2. The desire of an intimate communion with GOD is another feature of true love. It is of the very essence of love to desire the companionship of the loved person, to draw to him as closely as possible, to seek the warmth of the touch, to thrill through and through with the mutual response of mind and heart. It was one purpose, as we have seen, of our LORD'S love, in taking the flesh, that there might be the touch, the embrace, of a common nature.
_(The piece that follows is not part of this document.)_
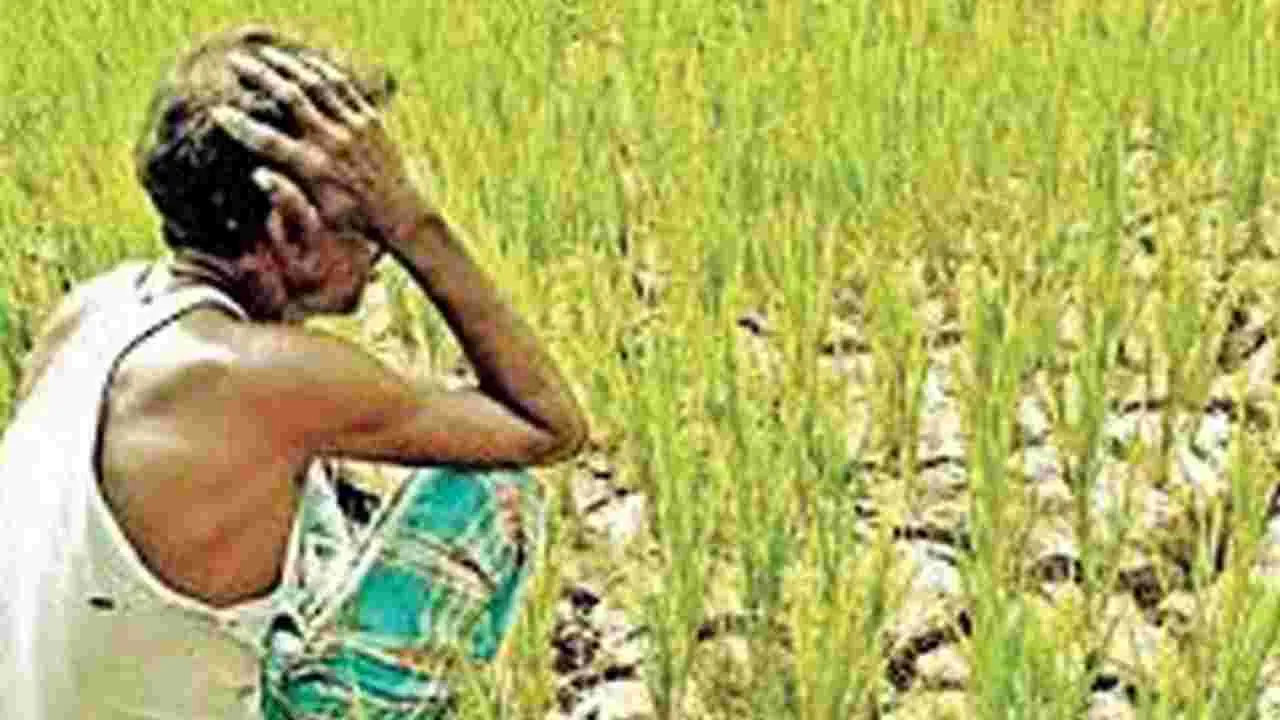 Asifabad Rural: పంట నష్టం.. రైతు ఆత్మహత్య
It was His prayer for His own elect, "that they may be one, as Thou, FATHER, art in Me, and I in Thee," "that they may be made perfect in one." Most striking also is the view which our LORD gives of Himself under the Name of Wisdom; "Rejoicing in the habitable parts of the earth, and My delights were with the sons of men." And so our love, if it be ever following in His steps, will be a perpetual desire to be conscious of His Presence, the cherishing of an intimate communion, destined by degrees to absorb the whole life in all its manifold spheres of interest, of energy, or sensation.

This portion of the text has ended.